The CBO And Human Spaceflight

It’s not surprising at all that it would see it as a potential area to reduce the deficit (see page 74). The entire NASA budget is an option for that, in fact, as is the entire federal budget, really. But it points out how completely out to sea we are on why we’re doing it. Note the underlying assumption.

This option would terminate NASA’s human space exploration and space operations programs, except for those necessary to meet space communications needs (such as communication with the Hubble Space Telescope). The agency’s science and aeronautics programs and robotic space missions would continue. Eliminating those human space programs would save $73 billion between 2015 and 2023, the Congressional Budget Office estimates.

The main argument for this option is that increased capabilities in electronics and information technology have
generally reduced the need for humans to fly space missions. The scientific instruments used to gather knowledge in space rely much less (or not at all) on nearby humans to operate them. NASA and other federal agencies have increasingly adopted that approach in their activities on Earth, using robots to perform missions
without putting humans in harm’s way. For example, NASA has been using remotely piloted vehicles to track
hurricanes over the Atlantic Ocean at much longer distances than those for which tracking aircraft are conventionally piloted.

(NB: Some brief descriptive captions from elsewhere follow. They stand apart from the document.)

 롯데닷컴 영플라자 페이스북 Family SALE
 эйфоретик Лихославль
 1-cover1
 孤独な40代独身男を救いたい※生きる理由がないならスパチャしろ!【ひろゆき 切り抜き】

Eliminating humans from spaceflights would avoid risk to human life and would decrease the cost of space exploration by reducing the weight and complexity of the vehicles needed for the missions. (Unlike instruments, humans need water, air, food, space to move around in, and rest.) In addition, by replacing people with instruments, the missions could be made one way—return would be necessary only when the mission required it, such as to collect samples for further analysis—thus eliminating the cost, weight, and complexity of return and reentry into the Earth’s atmosphere.

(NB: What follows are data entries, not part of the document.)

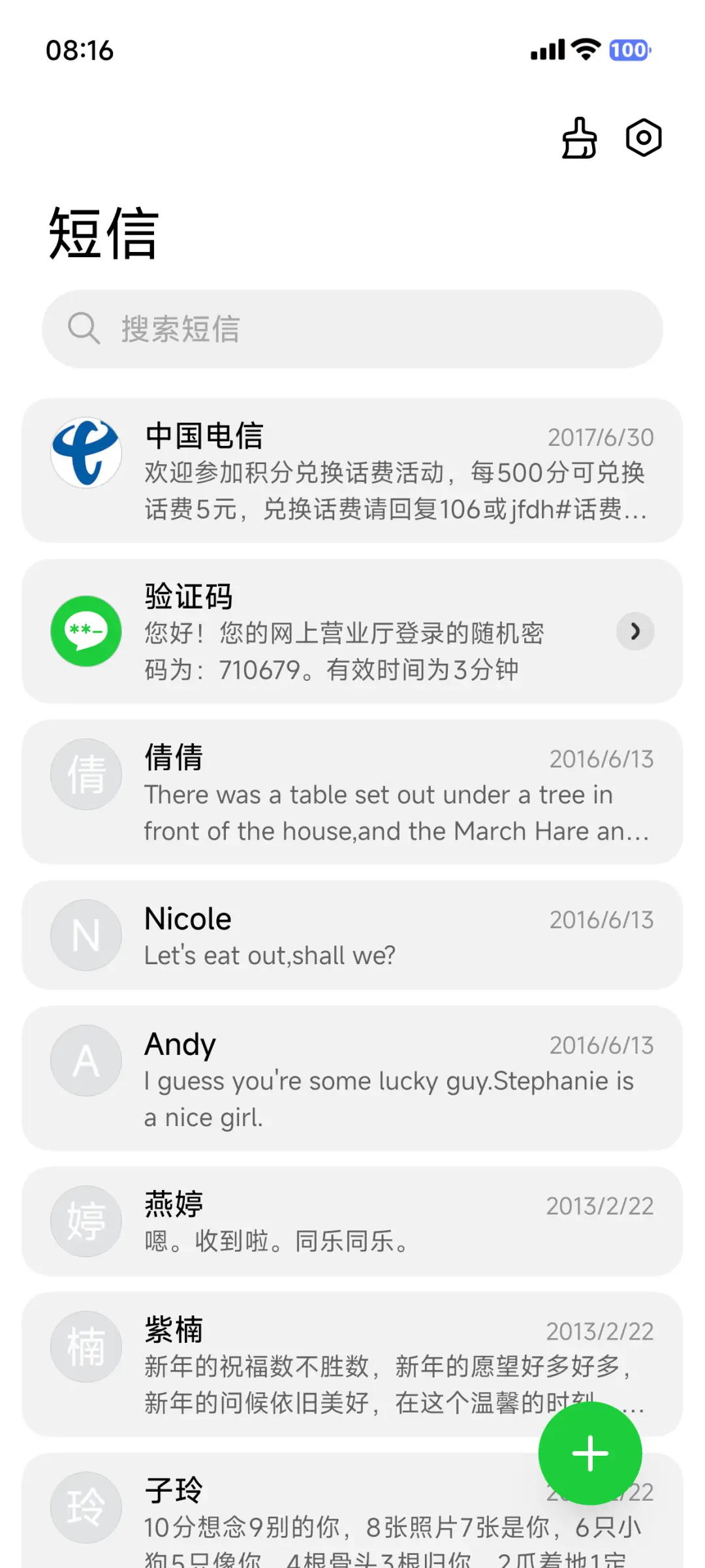 LIUI果粉26 - Screenshot 13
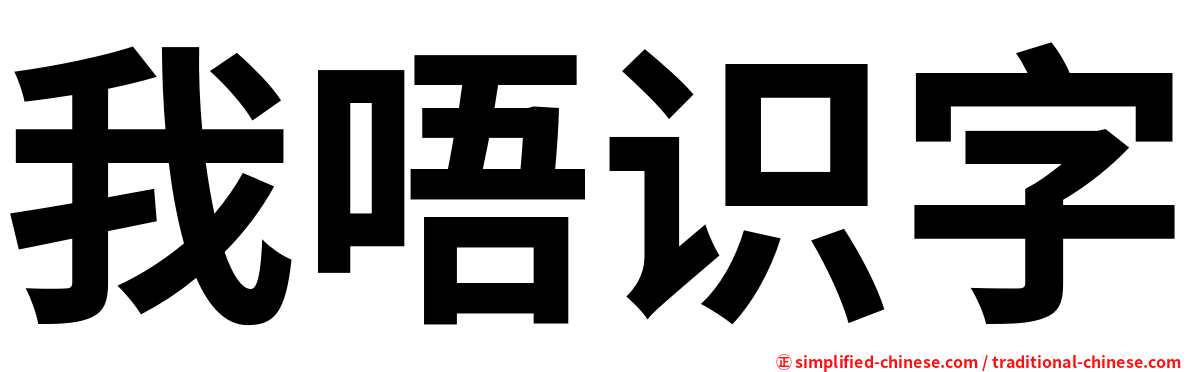 我唔识字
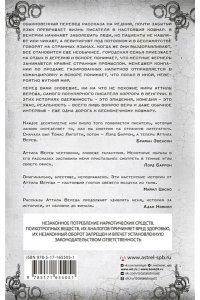 Вереш А. Восстанавливая реальность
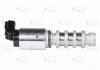 Клапан электромагнитный регулировки фаз ГРМ для а/м Honda Accord VIII (07-) 2.4i STARTVOLT SVC 2301 (фото 3)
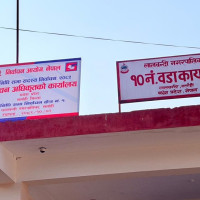 यस्तो छ आजका लागि निर्धारण गरिएको विदेशी मुद्राको विनिमयदर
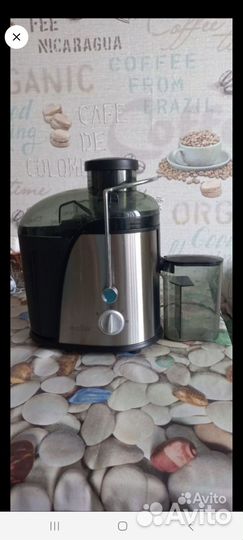 Соковыжималка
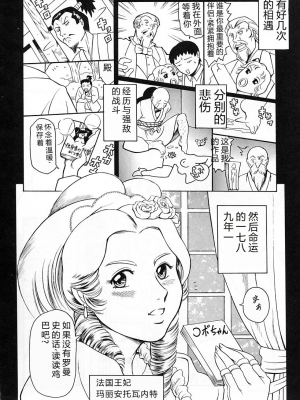 [まぐろ帝國] 独身者の科學_198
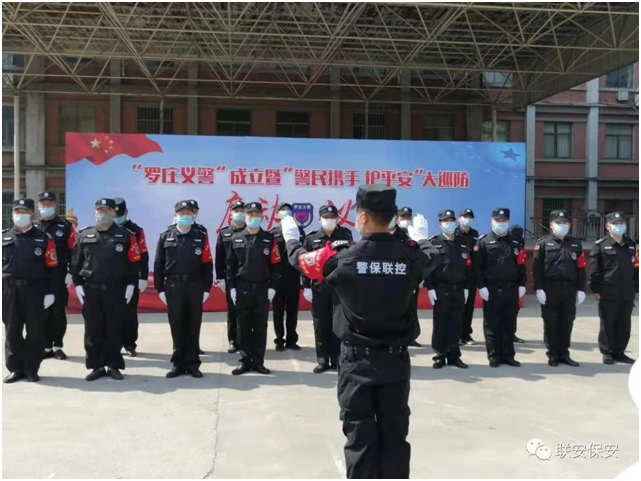 特勤護(hù)衛(wèi)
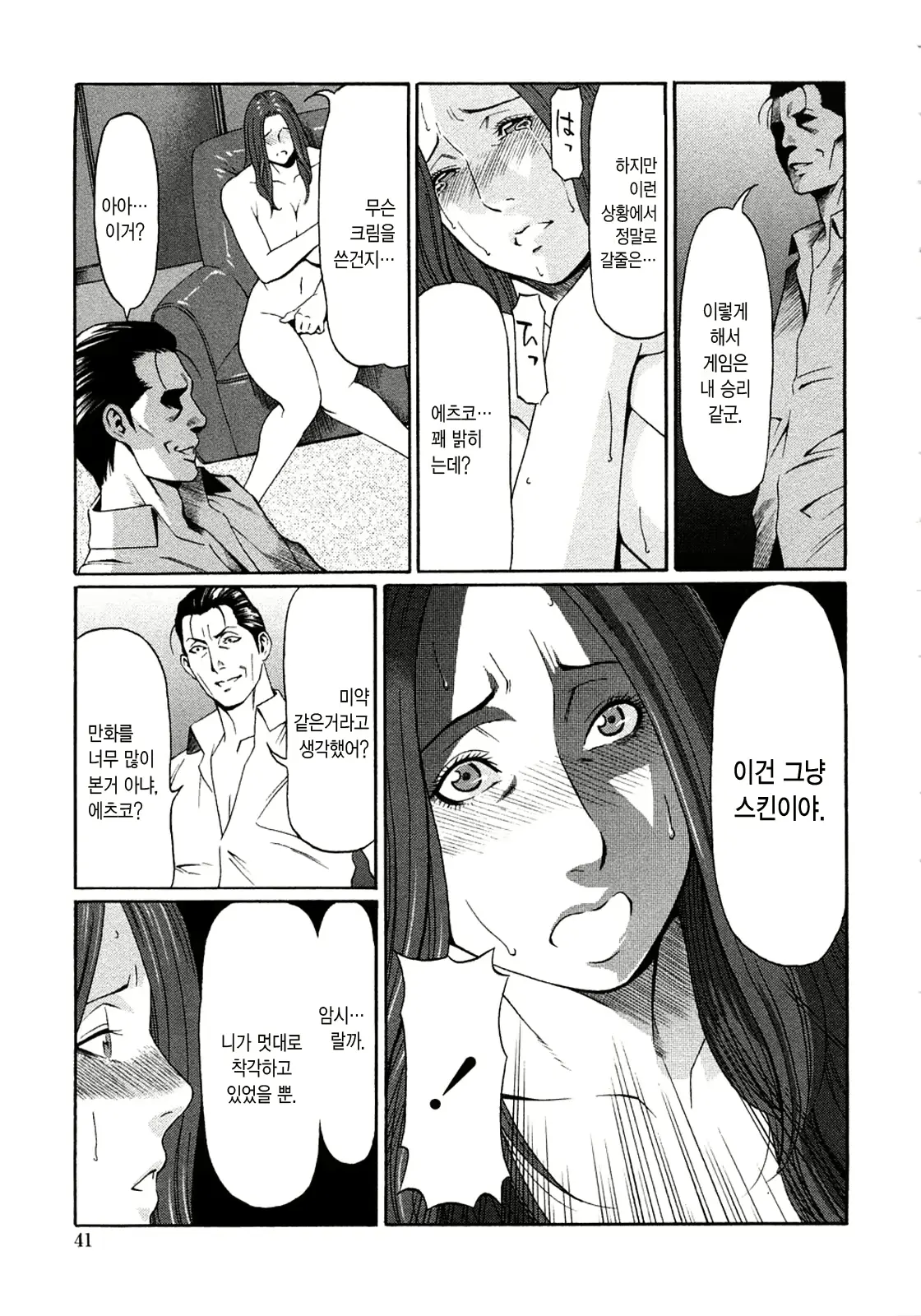 웹툰 이미지 38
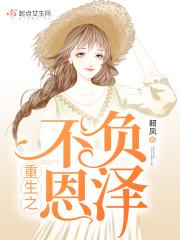 重生之不负免费阅读在线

A major argument against this option is that eliminating human spaceflight from the orbits near Earth would end
the technical progress necessary to prepare for human missions to Mars (even though those missions are at least
decades away). Moreover, if, in the future, robotic missions proved too limiting, then human space efforts
would have to be restarted. Another argument against this option is that there may be some scientific advantage
to having humans at the International Space Station to conduct experiments in microgravity that could not be
carried out in other, less costly, ways. (However, the International Space Station is currently scheduled to be
retired in 2020, postponed from an earlier decommissioning in 2015.) [Emphasis added]

There are multiple flawed assumptions in this analysis. First that the only purpose of sending humans into space is about science. Second, that it is about exploration. Third, that Mars is the goal.

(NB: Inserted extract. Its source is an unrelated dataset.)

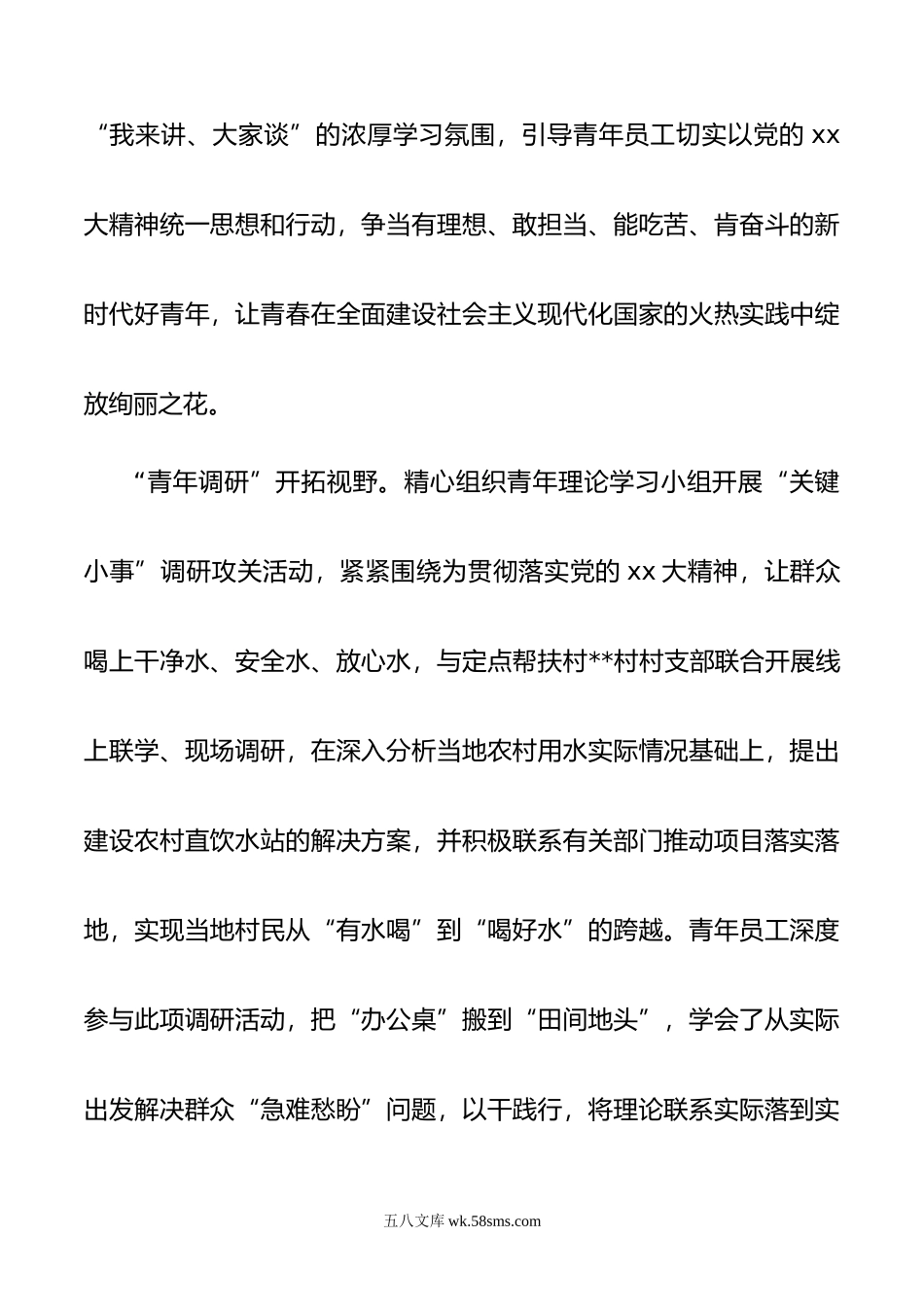 在全市机关党建重点工作座谈会上的讲话.docx_第2页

If we aren’t going to develop and settle space, there is no point in sending people there, or hazarding their lives. But we never have that discussion.

[Evening update]

Seemed to be a link problem. Hope it’s fixed now, sorry.

8 thoughts on “The CBO And Human Spaceflight”

  1. “A major argument against this option is that eliminating human spaceflight from the orbits near Earth would end the technical progress necessary to prepare for human missions to Mars (even though those missions are at least decades away)”

    This reminds me of the argument used a decade ago that missile defense systems were not worth the cost because Iran was at least ten years away from putting a nuke on a missile and it would take us a decade to get a workable missile defense system. It seems to me that we would have had missile defense capabilities right about the same time Iran had nuke capabilities but the anti-science left couldn’t see that or didn’t care.

    Also, this goes back to the problem of developing technologies in series instead of parallel.

    1. This is also the same dumb arguments Democrats have been making: we don’t need to allow offshore drilling or allow permits for new refineries or whatever it was because it would take 20 years for there to be an effect.

      And now 20 years later we can look back and say “if you weren’t such Luddites we’d have the capacity now, instead of hearing you STILL say it’s 20 years away!”

  2. It’s not about science or exploration. It’s about expanding the economic sphere.

    Mars isn’t the goal but it is one goal. If we prioritize our goals it’s very near the top.

    Priority should be given to those activities that expand our potentials. The single biggest thing that shuts down our potentials is making space a government park that nobody owns.

    Individual ownership is the single most important issue that makes all others nothing. The log jam does not burst if ownership is not a priority.

  3. What amazes me about the “robots can do it better” group is how they miss the point that killing a robot only program is actually easier (politically speaking) than killing the human space flight program. So the budget cutting won’t really stop with the human part of this. In a few years, questions will be asked about the cost of the robot program as well, and since there won’t be any public emotional connection with the program, it’ll be gone.

  4. Looks like they were updating the document and it was offline for a short period of time. It also looks like their link to the summary table is still out of whack. This jives with what I’ve been presenting at talks recently. All the talk about exploration and learning to go farther into space boils down to “Space exploration is cool” which doesn’t hold a lot of water when serious budget cuts are afoot. Non-defence government space (other than communications) needs to become part of our economy or it will go the way of the dodo.

  5. Future generations may well view the retirement of the Space Shuttle as the beginning of the end for NASA. The only thing keeping HSF going is ISS, when it goes so will NASA.